Cosa sono le clausole di salvaguardia e come sono nate
Le clausole di salvaguardia sono vere e proprie norme a tutela dei conti pubblici. Per la prima volta se ne è parlato nell’ormai lontano 1998 ma in realtà il primo utilizzo è stato fatto nel 2011, quando cadeva il governo Berlusconi e l’Italia era a rischio default. Al fine di rassicurare i mercati fu praticata questa manovra correttiva che portò l’aumento dell’Iva dal 20 al 21% con conseguenti step per gli anni a seguire qualora non ci fossero stati i fondi necessari per ripristinare il sistema fiscale del Paese. Mario Monti con il suo governo ha confermato quanto era stato fatto, introducendo un aumento dell’Iva su base triennale.
Nel 2013 con il governo Letta si pone il problema di un ulteriore aumento. A questo punto si decide di passare da 21 a 22% per tamponare sempre quanto accaduto nel 2011. Con questo intervento si chiude il giro della prima clausola istituita per far fronte alla caduta del governo Berlusconi. Nel 2014 però con la legge di Stabilità, viene creata una nuova clausola a garanzia di un impegno pubblico, dal nome tax expenditures. La stessa viene poi ereditata dal governo Renzi che decide di abrogarla e coprire le spese, entrando in deficit.
Allora, viene istituita la terza clausola, quella ancora in vigore. La legge di stabilità del 2015 ha portato la necessità di aumentare l’Iva di un punto nel 2017 e mezzo punto nel 2018. Renzi però modifica la clausola, come i suoi successori Gentiloni e Conte. Arriva poi il momento del governo attuale, M5S-Lega, totalmente in deficit, che non ha coperture reale per 12.5 miliardi.

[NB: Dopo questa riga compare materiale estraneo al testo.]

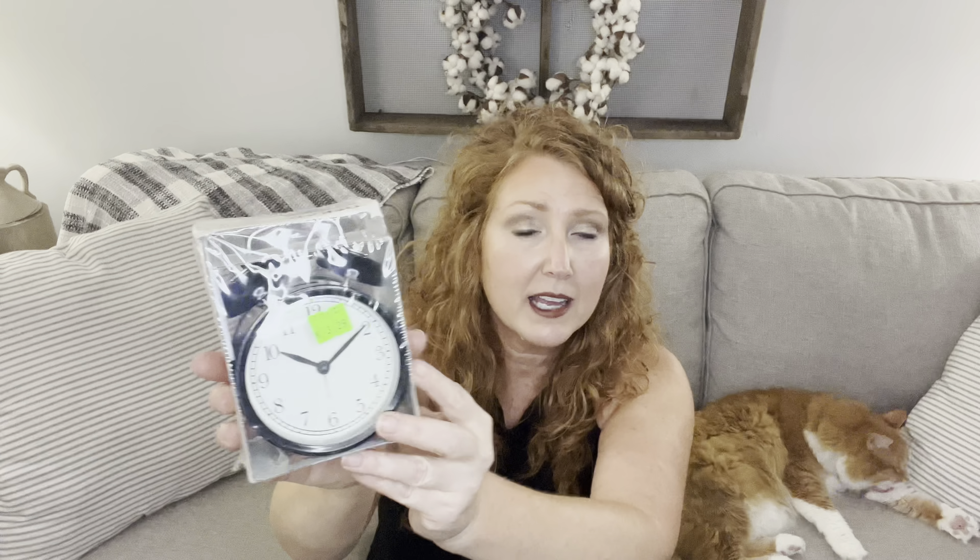My next three pieces — that's all I got left — I actually got at my local Goodwill on the way back. First off, I spied this little black metal clock and it's a brand new IKEA clock. $3.29 for a brand new IKEA clock — I thought that was a great find.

Cosa prevedono le clausole di salvaguardia
Queste norme sono state create per stabilire una sorta di ‘pagherò’ al fine di aumentare le entrate fiscali. Tuttavia negli anni hanno subito svariate modifiche per impedirne di fatto l’entrata in vigore. Le clausole prevedono una variazione automatica di alcune voci e tasse, sono finalizzate a salvaguardare determinati obiettivi di finanza pubblica e prevedono l’incremento del gettito. Il loro fine ultimo è perseguire una maggiore entrata in tempi brevi. Introdotte dal governo Berlusconi con il decreto-legge n. 98 come tagli alle detrazioni fiscali sono poi state modificate da Monti che ha determinato l’aumento dell’Iva.
I governi a seguire hanno dovuto fare i conti con questa realtà, cercando di impedirne l’entrata in vigore per non tassare ulteriormente i cittadini. Le clausole per il 2019 e 2020 sono state parzialmente sterilizzate, tuttavia risultano ancora attive: aumento dell’IVA a decorrere dal 2020, aumento dell’aliquota sul carburante (per produrre 350 milioni di euro dal 2020). L’effetto complessivo dovrebbe totalmente coprire entro il 2021 quanto dovuto dall’Italia.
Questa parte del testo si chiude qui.